Vu les autres pièces du dossier.
Vu le code de justice administrative.
Considérant ce qui suit :
1. Aux termes de l’article R. 222-1 du code de justice administrative : « Les présidents de tribunal administratif (…) peuvent, par ordonnance : (…) / 4º Rejeter les requêtes manifestement irrecevables, lorsque la juridiction n'est pas tenue d'inviter leur auteur à les régulariser ou qu'elles n'ont pas été régularisées à l'expiration du délai imparti par une demande en ce sens ; (…) 7° Rejeter, après l'expiration du délai de recours ou, lorsqu'un mémoire complémentaire a été annoncé, après la production de ce mémoire, les requêtes ne comportant que des moyens de légalité externe manifestement infondés, des moyens irrecevables, des moyens inopérants ou des moyens qui ne sont assortis que de faits manifestement insusceptibles de venir à leur soutien ou ne sont manifestement pas assortis des précisions permettant d'en apprécier le bien-fondé ».». Aux termes de l’article R. 431-5 du même code : « Les parties peuvent également se faire représenter 1° Par l'un des mandataires mentionnés à l'article R. 431-2 / (…) ».

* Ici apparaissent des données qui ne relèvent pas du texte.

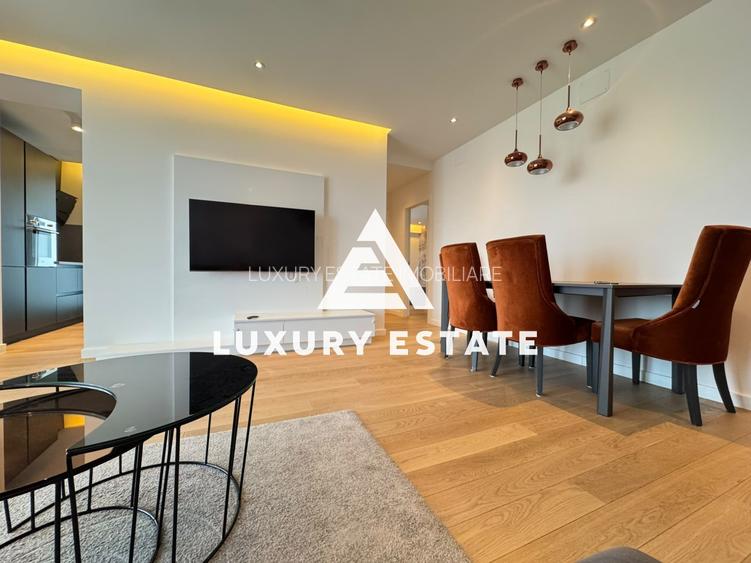 Inchiriere apartament mobilat 3 camere zona Herastrau -One Herastrau Plaza - 5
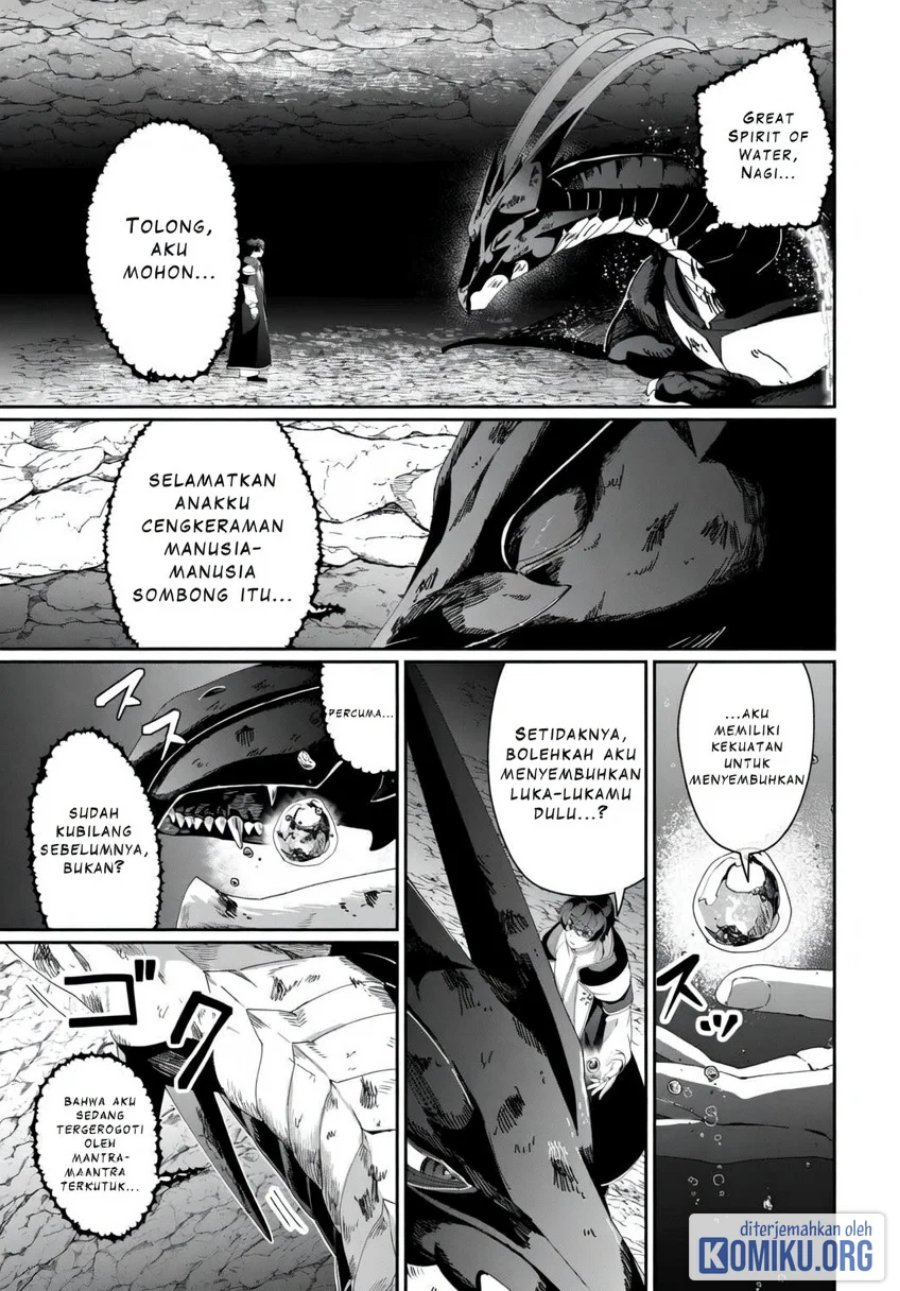 Baca Isekai de Mizu no Dai Seirei Yattemasu Chapter 9 Bahasa Indonesia page 28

2. Aux termes de l’article L. 614-1 du code de l’entrée et du séjour des étrangers et du droit d’asile : « L'étranger qui fait l'objet d'une décision portant obligation de quitter le territoire français peut, dans les conditions et délais prévus au présent chapitre, demander au tribunal administratif l'annulation de cette décision, ainsi que l'annulation de la décision relative au séjour, de la décision relative au délai de départ volontaire et de la décision d'interdiction de retour sur le territoire français qui l'accompagnent le cas échéant (...) ». Seul l’étranger qui fait l’objet d’une mesure d’éloignement justifie d’un intérêt direct lui donnant qualité pour demander l’annulation de cet arrêté. Il s’ensuit que la requête présentée par une tierce personne est irrecevable.
3. Il ressort des pièces du dossier que, par un arrêté du 29 juillet 2025, le préfet du Pas-de-Calais a prononcé à l’encontre de M. D... A..., ressortissant roumain né le 29 septembre 1981, l’obligation de quitter le territoire français sans délai. M. B... C... est dépourvu d’un intérêt direct et personnel lui donnant qualité pour agir pour contester cette décision. La circonstance qu’il héberge M. A... et qu’il ait créé des liens avec lui ne saurait lui conférer qualité pour le représenter dès lors qu’il n’est pas au nombre des mandataires susceptibles de représenter une partie, énumérés à l’article R. 431-2 précité du code de justice administrative.
4. Dans sa requête, M. C... soutient que M. A... est investi dans un projet professionnel et a une santé précaire. Toutefois, ces moyens ne sont manifestement pas assortis de précisions et pièces justificatives permettant d’en apprécier le bien-fondé et sont, en tout état de cause, sans incidence sur la légalité de la décision attaquée.
5. La requête présentée par M. B... C... est ainsi entachée d’une irrecevabilité manifeste et doit, pour ce motif, être rejetée par ordonnance, en application des dispositions du 4° et du 7° de l’article R. 222-1 du code de justice administrative.
O R D O N N E :
Article 1er : La requête de M. C... est rejetée.
Article 2 : La présente ordonnance sera notifiée à M. B... C....
Fait à Lille, le 1er décembre 2025.
Le président du tribunal,
Signé
Benoist GUÉVEL
La République mande et ordonne au préfet du Pas-de-Calais en ce qui le concerne ou à tous commissaires de justice à ce requis en ce qui concerne les voies de droit commun, contre les parties privées, de pourvoir à l'exécution de la présente décision.